» **What you will do**: Having located the line with "Cecily Tall Storage", print it and each remaining line exactly, stopping at the end of the material and omitting pictures.

» **Data**:
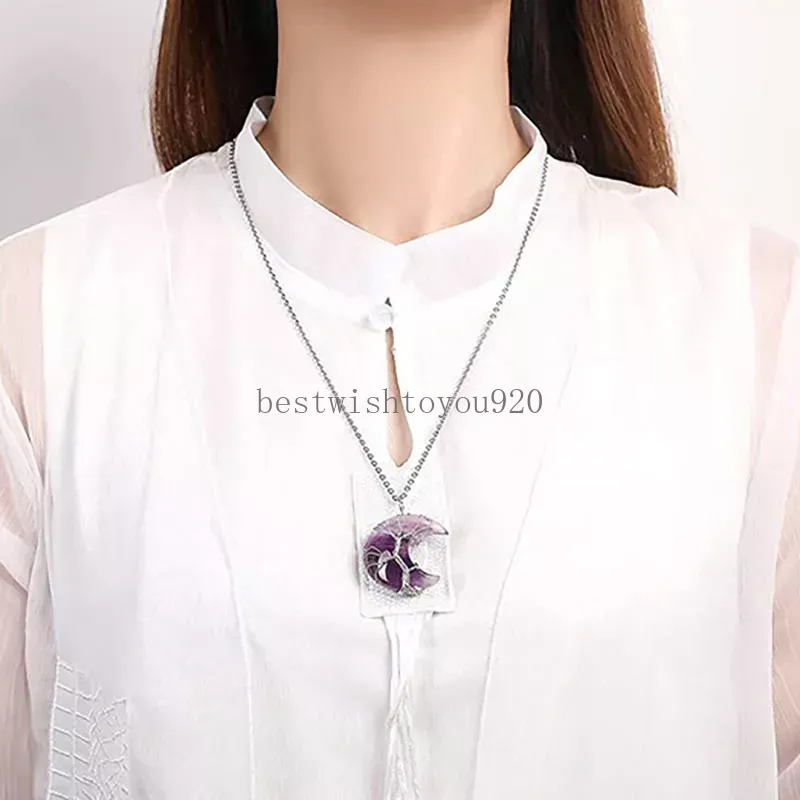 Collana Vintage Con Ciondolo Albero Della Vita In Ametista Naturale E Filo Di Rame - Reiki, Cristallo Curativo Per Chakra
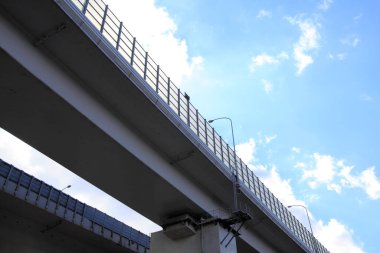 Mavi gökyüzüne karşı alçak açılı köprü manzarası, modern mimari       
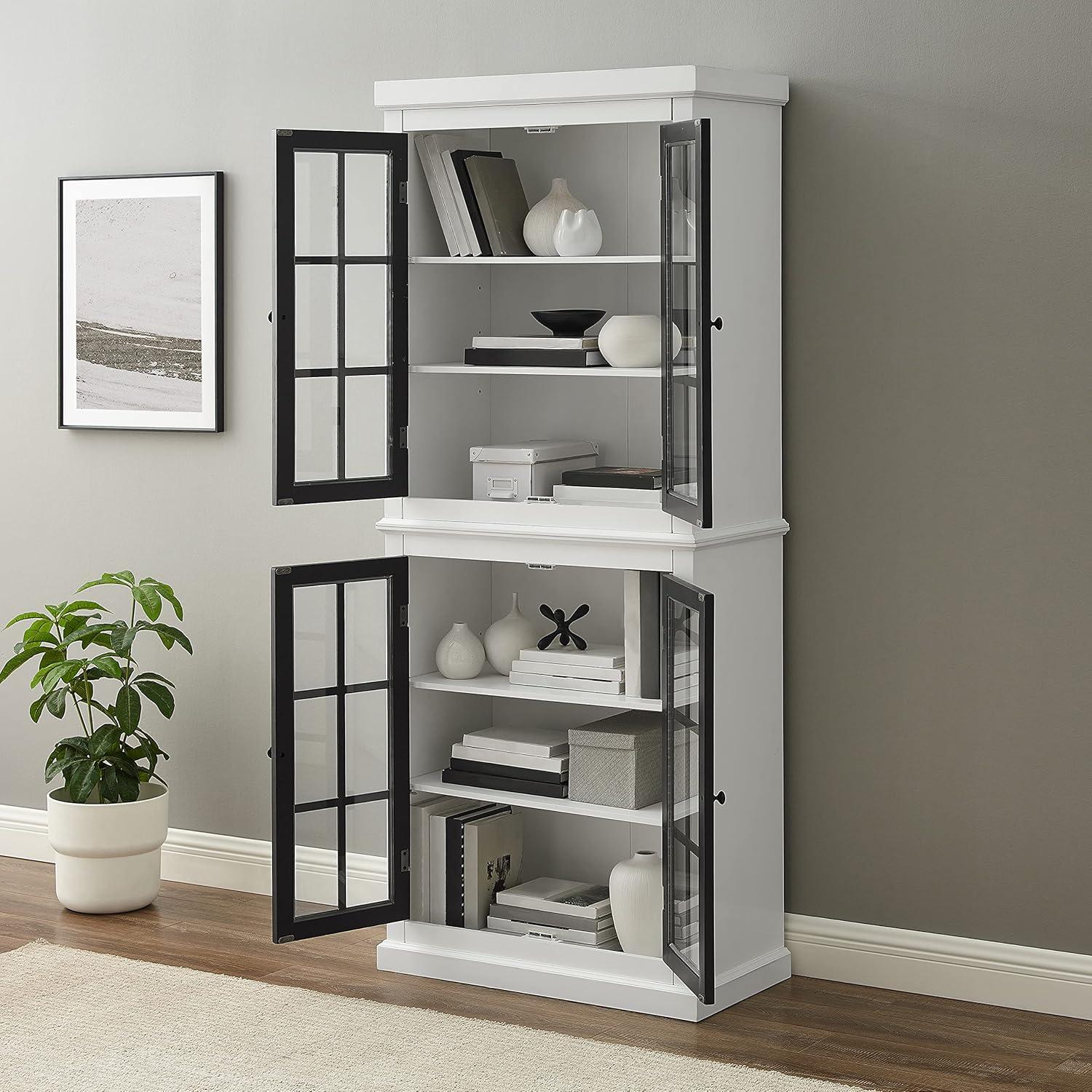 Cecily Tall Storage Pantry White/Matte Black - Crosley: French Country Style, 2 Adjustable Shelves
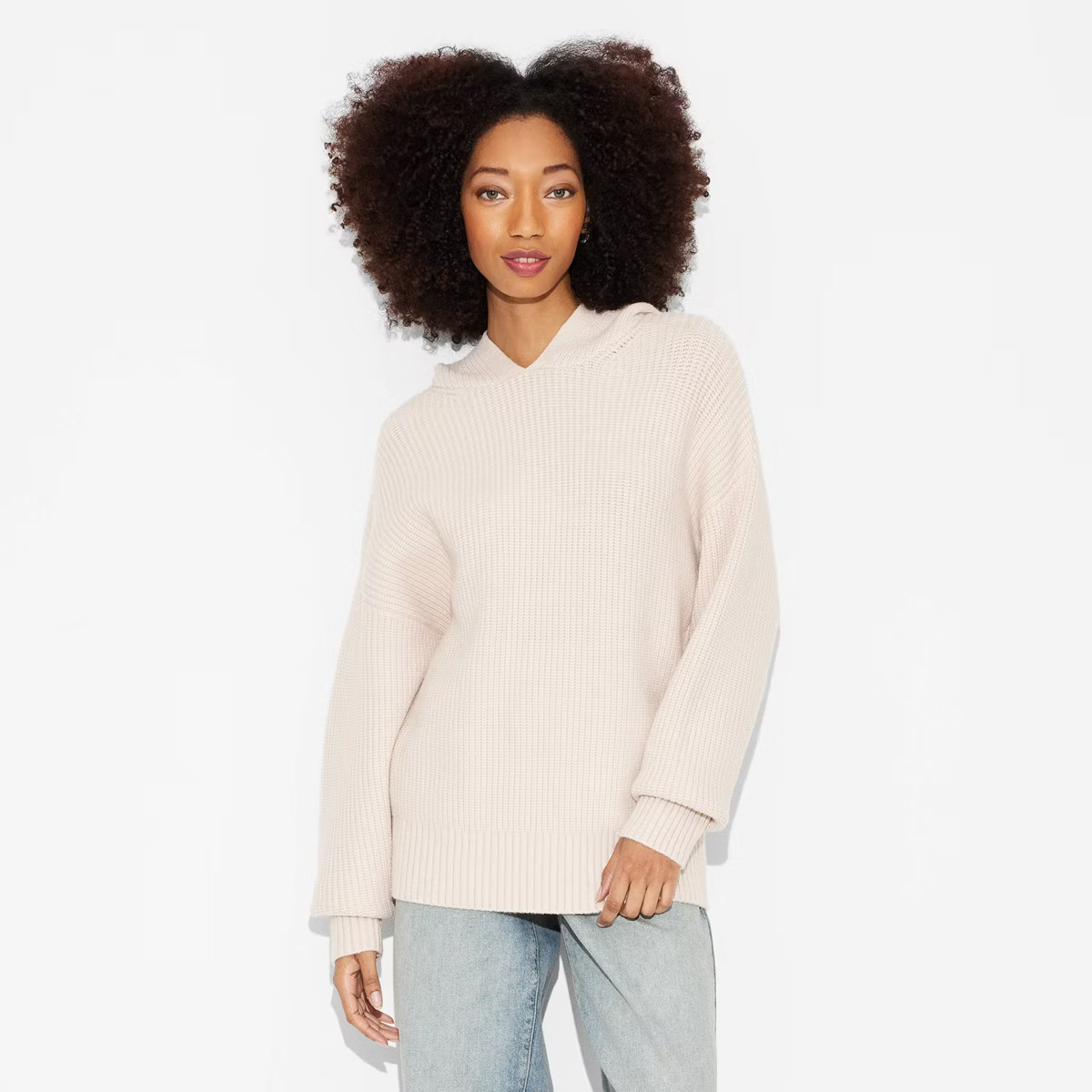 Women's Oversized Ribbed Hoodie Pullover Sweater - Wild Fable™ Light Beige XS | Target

» **Result**:
 Cecily Tall Storage Pantry White/Matte Black - Crosley: French Country Style, 2 Adjustable Shelves
 Women's Oversized Ribbed Hoodie Pullover Sweater - Wild Fable™ Light Beige XS | Target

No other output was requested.